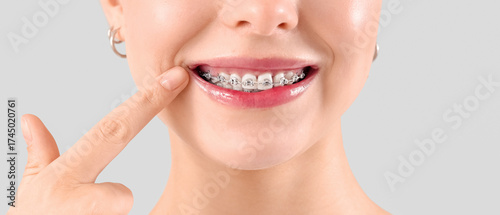Young woman with dental bra...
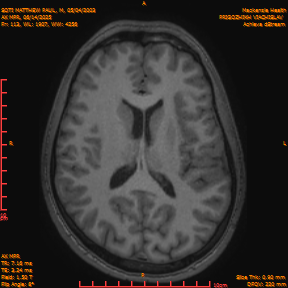 2025-06-14/AX MPR/0114-IM719.png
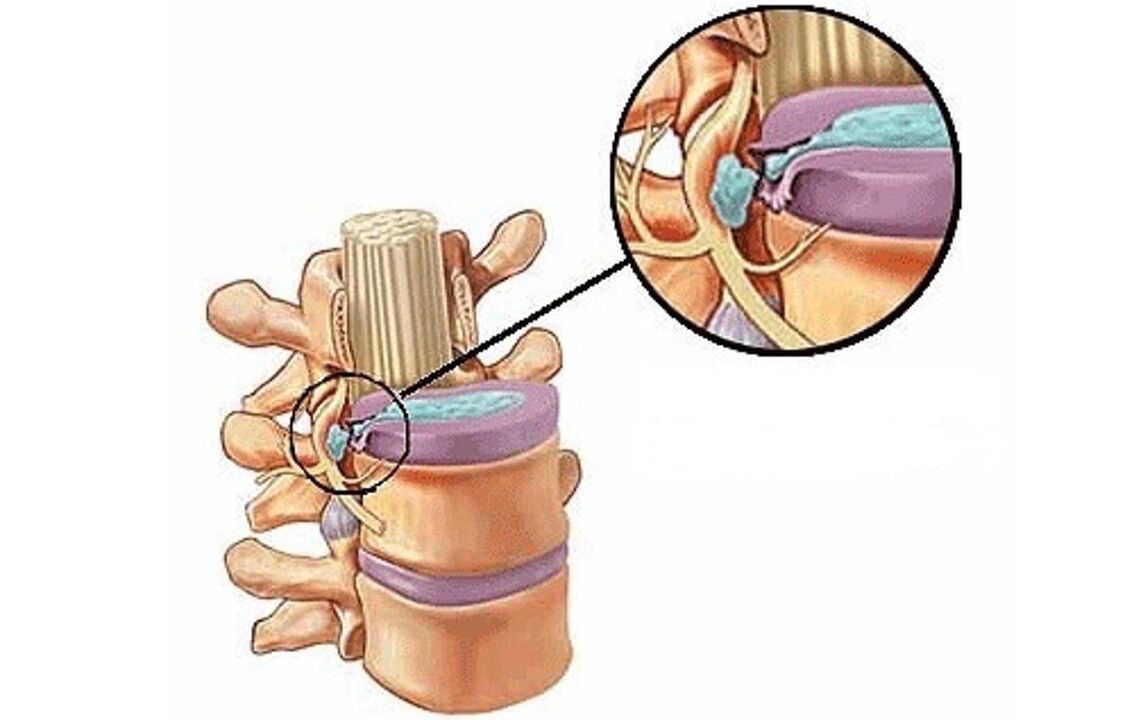 hernia intervertebral con osteocondrosis torácica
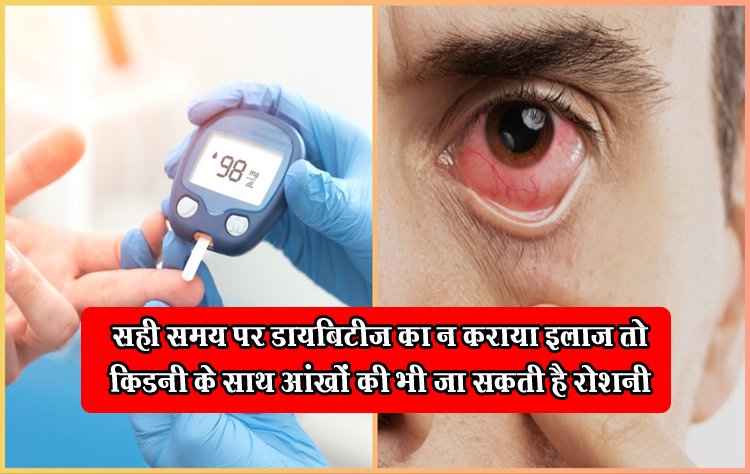 Health Tips : सही समय पर डायबिटीज का न कराया इलाज तो किडनी के साथ आंखों की भी जा सकती है रोशनी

DIRECTIONS FOR THIS TASK
All that belongs in the answer is the exact run of lines from the line containing "2025-06-14/AX MPR/0114-IM719.png" to the end of the listing above, pictures removed.

ANSWER AREA
 2025-06-14/AX MPR/0114-IM719.png
 hernia intervertebral con osteocondrosis torácica
 Health Tips : सही समय पर डायबिटीज का न कराया इलाज तो किडनी के साथ आंखों की भी जा सकती है रोशनी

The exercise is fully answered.